Swedish rye bread "cake"
filled with egg salad and cucumbers
smothered in dill cream cheese "frosting"
It really began with the cured salmon though. And my attempt to break down an entire fish.
Four filets to eat and enjoy.
Meat scooped off the bone for poke tacos.
Bones for stock.
Skin for chips.
And two filets to cure with gin, dill, and beet powder.
And we had brunch in the sun in the backyard I'm going to miss dearly.
I just want a pergola wherever I end up. 


Appendix
I
Swedish rye bread from here.
Attempted the first time when I got some persimmons from David's tree way back when I basically first started work. That's probably why we became office buds.

II
In an ideal world, I would've fried these up at around the same time the cake was assembled.
So I could anchor this big beautiful half cone of crispy salmon skin on top of the brunch cake I was too proud of. But I ate it on its own as soon as it was cool enough to not burn my tongue, and it shattered in my mouth, and I didn't regret it.

III
More backyard brunch.
From the time I wanted to do something like a benedict bar with the rest of my cured salmon.
And the watermelon leftover after a work bbq.

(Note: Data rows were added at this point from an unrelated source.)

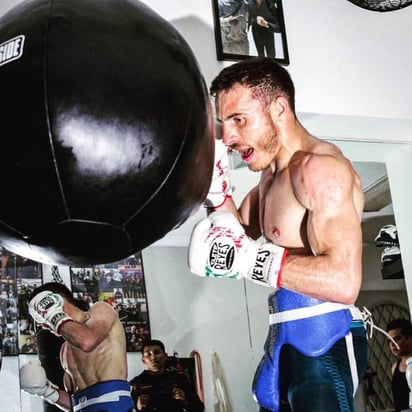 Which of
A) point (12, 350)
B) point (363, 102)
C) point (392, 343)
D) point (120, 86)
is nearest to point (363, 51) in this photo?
point (363, 102)

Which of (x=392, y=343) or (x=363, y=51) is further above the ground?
(x=363, y=51)

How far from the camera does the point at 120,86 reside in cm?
112

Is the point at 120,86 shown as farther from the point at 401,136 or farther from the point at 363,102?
the point at 401,136

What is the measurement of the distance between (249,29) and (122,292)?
1.29m

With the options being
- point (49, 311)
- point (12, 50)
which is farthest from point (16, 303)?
point (12, 50)

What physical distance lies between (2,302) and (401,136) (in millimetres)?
2088

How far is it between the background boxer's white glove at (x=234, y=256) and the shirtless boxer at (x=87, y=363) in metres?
1.05

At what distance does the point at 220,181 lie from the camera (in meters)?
2.12

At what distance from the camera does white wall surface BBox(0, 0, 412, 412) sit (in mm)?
3018

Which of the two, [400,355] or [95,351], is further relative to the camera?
[400,355]

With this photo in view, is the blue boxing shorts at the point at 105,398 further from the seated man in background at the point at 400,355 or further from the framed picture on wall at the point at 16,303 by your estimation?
the seated man in background at the point at 400,355

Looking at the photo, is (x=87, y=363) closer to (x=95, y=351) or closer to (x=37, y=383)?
(x=95, y=351)

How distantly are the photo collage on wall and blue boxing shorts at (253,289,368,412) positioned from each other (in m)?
1.02

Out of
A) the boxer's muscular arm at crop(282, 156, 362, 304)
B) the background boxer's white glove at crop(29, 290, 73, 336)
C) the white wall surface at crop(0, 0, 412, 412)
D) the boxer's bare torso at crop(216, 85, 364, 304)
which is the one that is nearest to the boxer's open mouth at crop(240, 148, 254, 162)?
the boxer's bare torso at crop(216, 85, 364, 304) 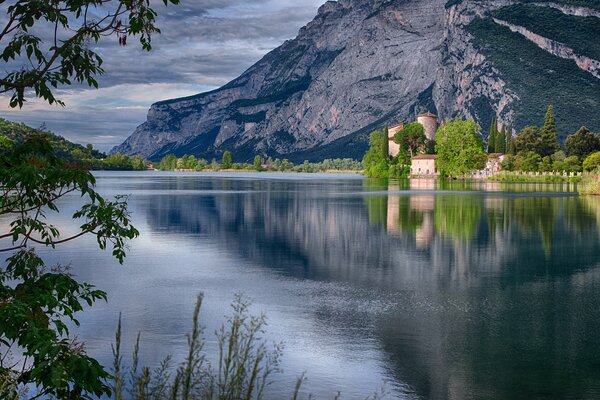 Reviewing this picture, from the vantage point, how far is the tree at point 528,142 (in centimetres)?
14325

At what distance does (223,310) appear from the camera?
55.3 feet

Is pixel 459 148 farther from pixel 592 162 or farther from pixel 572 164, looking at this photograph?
pixel 592 162

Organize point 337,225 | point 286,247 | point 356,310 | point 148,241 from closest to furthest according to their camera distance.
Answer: point 356,310
point 286,247
point 148,241
point 337,225

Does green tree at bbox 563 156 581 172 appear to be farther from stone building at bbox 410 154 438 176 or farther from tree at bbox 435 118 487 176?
stone building at bbox 410 154 438 176

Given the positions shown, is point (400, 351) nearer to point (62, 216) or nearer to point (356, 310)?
point (356, 310)

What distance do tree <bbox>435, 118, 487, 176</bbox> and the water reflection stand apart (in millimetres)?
97600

I frequently have leftovers from my leftovers parties because isn't it kind of the curse of leftovers that you need to grocery shop to pull all the leftovers together.
Leftover fried green tomato sandwiched in biscuits made with leftover cream cheese with leftover salmon and a salad of leftover tomatoes dressed in leftover basil vinaigrette.
For dessert, leftover biscuits filled with leftover jammy blackberry sauce with leftover cream cheese.